We have two orange tabbies, both from the same litter. Mama cat gave birth to a litter in the industrial park where I work, and kept moving the kittens around. At one point, she left one of the orange tabbies behind. We waited for her to come back for it, but she never did. When the little guy looked like he wasn’t going to last much longer, I took him in. He was a bit too young to be separated from his mama, but at that point it was either I take him in or we take his corpse out to the dumpster soon. When the other kittens got a little older, we snatched them up as well, because the last thing that Baltimore needs is more stray cats running around. A friend and co-worker took one of them, and I took two, one for another friend who wanted one, and another orange tabby that we were planning on finding a home for. We weren’t planning on keeping him, but then my kids fell in love with him, and we ended up not trying to find a home for him and kept him.

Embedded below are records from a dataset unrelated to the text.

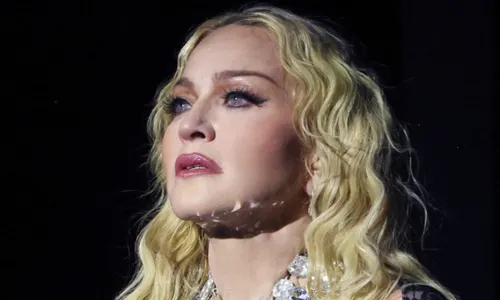 
          Imagem ilustrativa da imagem “É um milagre eu estar aqui agora”, diz Madonna
          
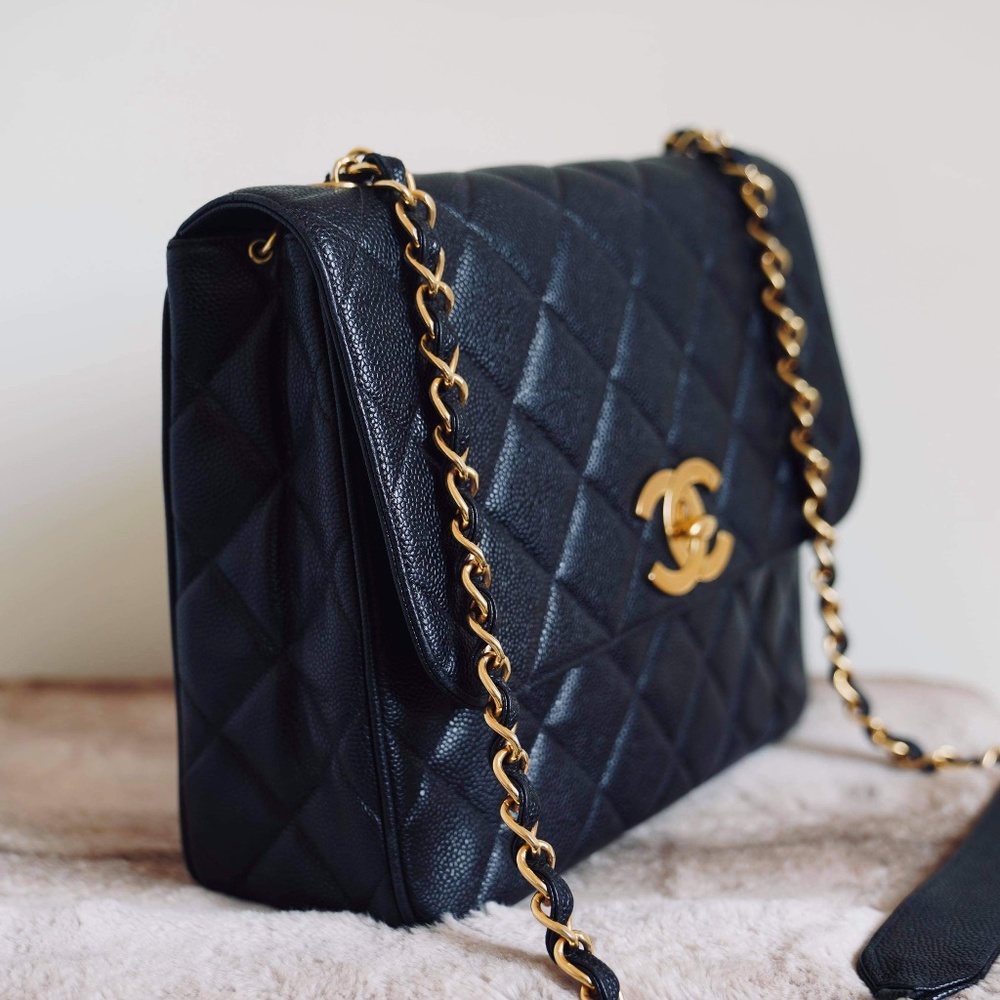 CAVIAR LEATHER VINTAGE CHANEL BAG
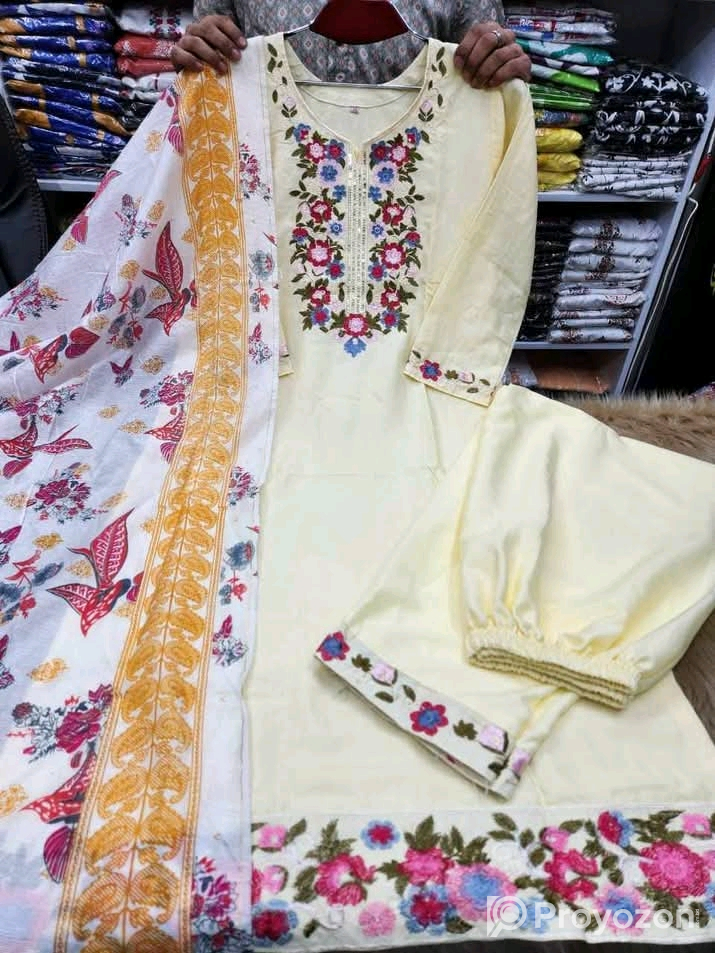 রেডিমেড থ্রি পিস বিক্রি করা হবে।
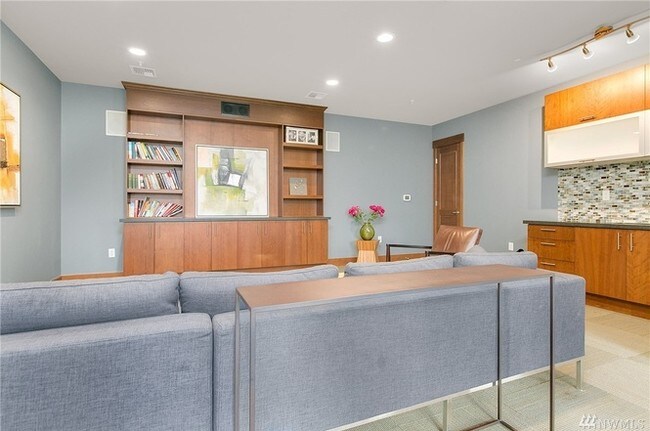 Foto del edificio - 4547 8th Ave NE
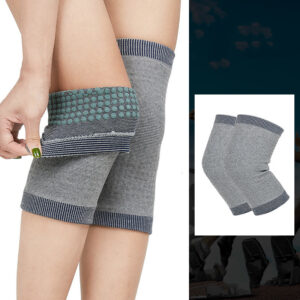 Self-heating coated knee pad sports knee protector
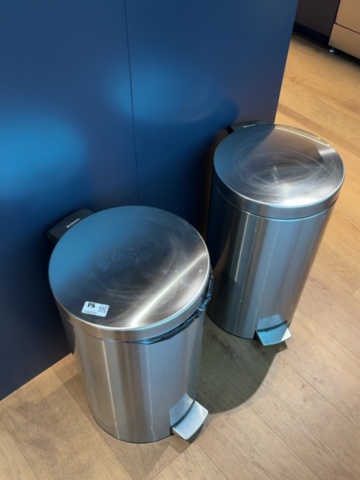 1548305-1 Pedalhinkar/avfallskärl 2 st i rostfritt stål - Brabantia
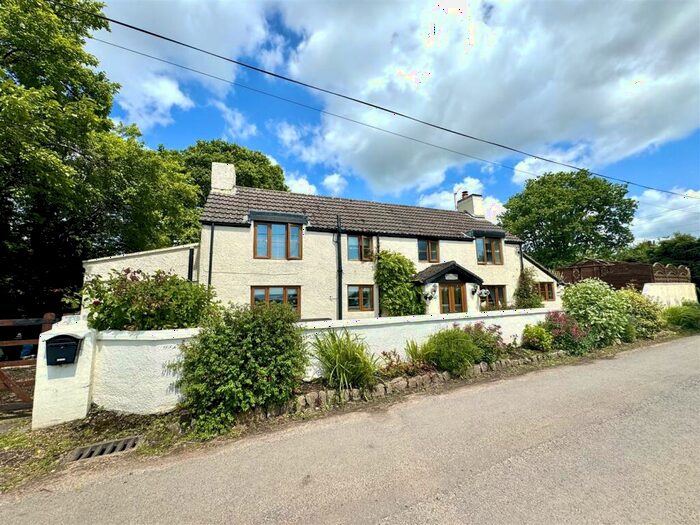 4 Bedroom Detached House For Sale In High Woolaston, Woolaston, GL15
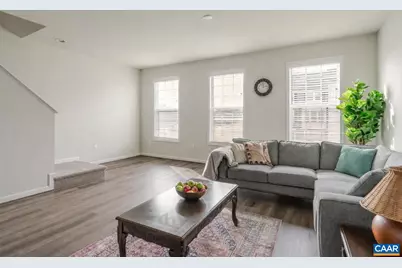 104 Mapleshire Ct, Waynesboro, VA 22980 - Photo 4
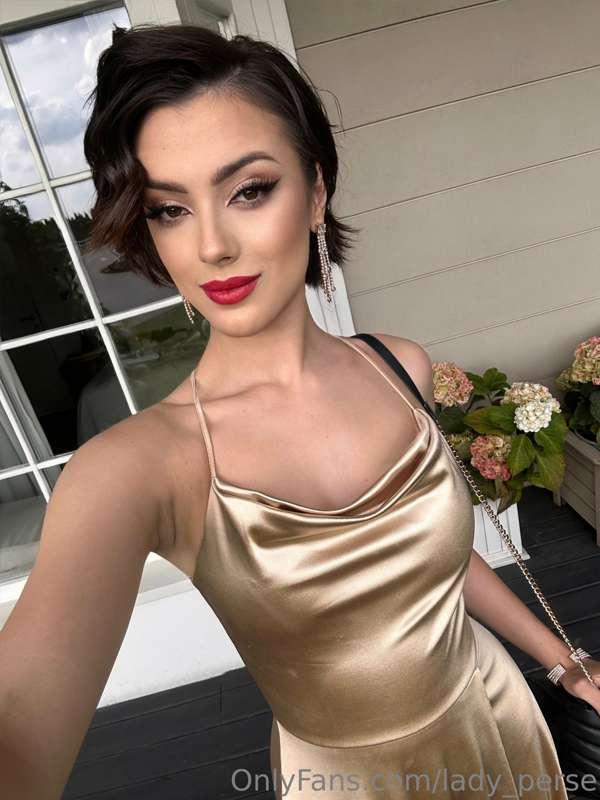 Always better and smarter than you! Now slut on your knees a..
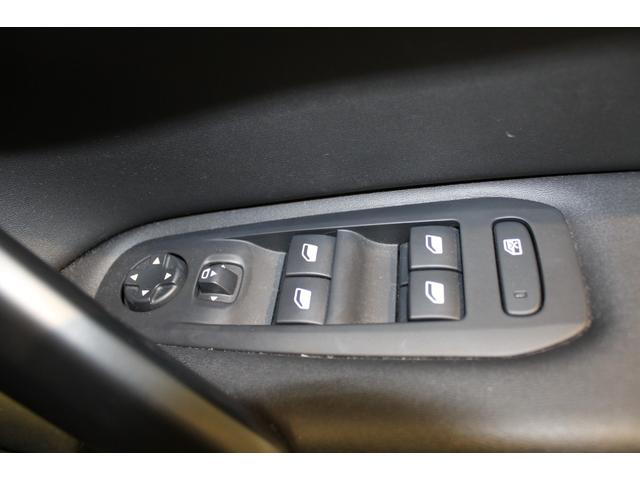 308 ロードトリップ ブルーHDi 正規認定中古車/フルLEDヘッドライト/純正アルミホイール/アクティブクルーズコントロール/レーンキープアシスト/1オーナー/禁煙車(24枚目)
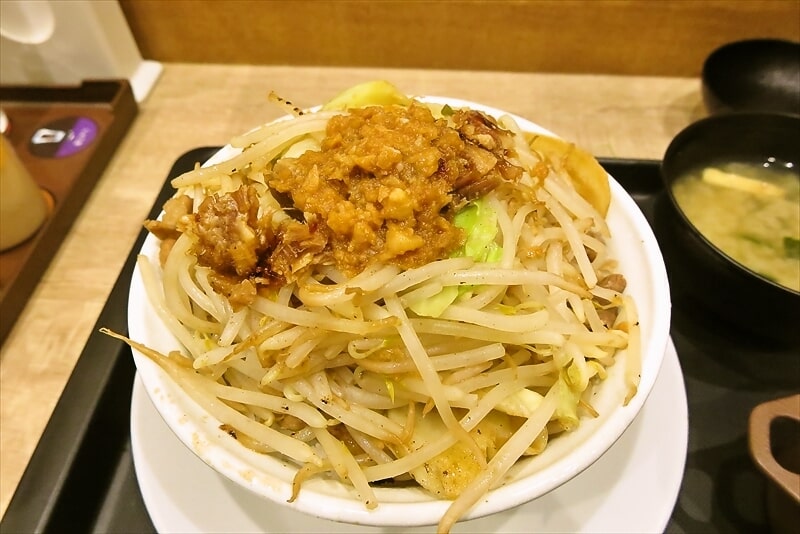 2025年『松屋 橋本店』インスパイア系松郎牛めしニンニク野菜マシ大盛り4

The first cat is my little buddy, possibly because I rescued him from near-death. He’s very friendly, and likes to sit near me and lays near me when I sleep. He sucks on blankets and kneads me, both typical behaviors for a cat who was separated from mama cat too early.

The other one we named Courage, for Courage the Cowardly Cat (Courage the Cowardly Kitten when he was little). I would not describe him as friendly, though he can be once in a while. Mostly, he’s just skittish. He startles easily and doesn’t like commotion.

Anyway, the plural of anecdote isn’t data, but there’s two examples of orange tabbies for you.

Also, here’s a link to a previous IMHO thread:

And since this is GQ, I went googling and found this, which is from one of those “ask a vet” type sites (dates to 2012):

This is a pretty long article, and has lots of good info, and points out that people expect cats to conform to stereotypes based on their colors and markings, and tend to approach cats differently as a result. The cats sense the difference, and therefore end up behaving differently, thus “confirming” the stereotype.

http://messybeast.com/colour-tempment.htm

Don’t be so fast to judge a cat by its color, study warns

Our indoor cat watches the world go by from our windows. She enjoys watching squirrels and birds and even a nice visiting gray & white cat. There was an orange one that would come around and she would fly into a fury when she saw him(?). Charging from window to window following him around, yowling and flailing at the glass.

As far as anecdotes go, my late black n’ white tom, the most laid-back, lapdog cat I’ve ever seen, had two neighboring cats (all three would go outdoors). My cat would act very aggressive towards one, a small, timid black cat and be BFF with the other, a big ginger tom that was friendly with us humans, as well.